There are two answers presidential candidates cannot give to the now obligatory (and deeply offensive) question about their religious faith. A candidate cannot say, “I don’t have any,” and a candidate cannot say, “My faith dictates every decision I make and every action I take.” Rather, a candidate must say something like, “My faith generally informs my moral values, but my judgments and actions as president will follow from the constitutional obligations of the office, not from my religion.” In other words, I too believe in the public-private distinction and I will uphold it. I won’t insist that you adopt my values and I will respect yours. (In short, I’m a liberal.)
A candidate who didn’t say something like that but instead announced a determination to reshape public institutions in accordance with the dictates of his or her faith would be seen as too closely resembling the Islamic fundamentalists who, we are told again and again, are our sworn enemies. The divide between those who subscribe to a form of politics uninflected by religious faith (except as a pious “add-on”) and those who would derive their politics from faith and acknowledge no distinction between them is not simply national but global. And as Mark Lilla has recently argued (New York Times Magazine, August 19), it is a divide that cannot be bridged either by efforts at education or by the supposedly inexorable drift of history toward modernization and secularization. Lilla’s lesson is that there is no such drift, although messianic liberals (like George W. Bush) continue to believe in it.

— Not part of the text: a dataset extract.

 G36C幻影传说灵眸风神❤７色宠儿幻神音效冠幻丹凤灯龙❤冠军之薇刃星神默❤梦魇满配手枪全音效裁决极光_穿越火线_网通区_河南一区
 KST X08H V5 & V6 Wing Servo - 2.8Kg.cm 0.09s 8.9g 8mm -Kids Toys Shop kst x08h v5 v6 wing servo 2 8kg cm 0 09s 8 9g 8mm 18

What Lilla calls “political theology” - a politics fueled by faith and visions of eternal life - is not going away, and the two standard liberal responses to its growing strength are inadequate. One is comical, although it has had disastrous consequences. It says, let’s tell them about the separation of theology and politics (or lend them copies of Mill and Rawls and James Madison’s “Remonstrance”) and they’ll soon come to want it, too. The second response is to demonize secularism’s opponents as fanatics, fascists and know-nothings, and resolve to stamp them out, a resolve that looks increasingly like a bad bet given the numbers. “It is we,” Lilla reminds us, “who are the fragile exception.”
So secularism isn’t going to win by waiting for what it thinks to be its better arguments to carry the day (politics is neither rational nor Darwinian); and the military option holds out the prospect of more horror than hope. What to do?

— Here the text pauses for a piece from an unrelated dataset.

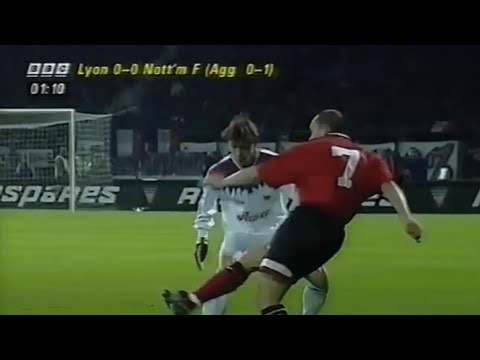 Olympique Lyonnais vs Nottingham Forest UEFA Cup 1995-96 FULL MATCH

One thing we can’t do is appeal to some common ground that might form the basis of dialogue and possible rapprochement. There is no common ground, and therefore Lilla is right to say that “agreement on basic principles won’t be possible.” After all, it is a disagreement over basic principles that divides us from those who have been called “God’s warriors.” The principles that will naturally occur to us - tolerance, mutual respect, diversity - are ones they have already rejected ; invoking them will do no real work except the dubious work of confirming us in our feelings of superiority. (We’re tolerant, they’re not.)

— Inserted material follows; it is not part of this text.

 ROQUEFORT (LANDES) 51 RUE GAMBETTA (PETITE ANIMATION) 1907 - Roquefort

So again, what to do? Lilla’s answer is pragmatic rather than philosophical (and all the better for that). All we can do, he says, is “cope”; that is, employ a succession of ad hoc, provisional strategies that take advantage of, and try to extend, moments of perceived mutual self-interest and practical accommodation. “We need to recognize that coping is the order of the day, not defending high principles.” Now there’s a principle we can live with, maybe.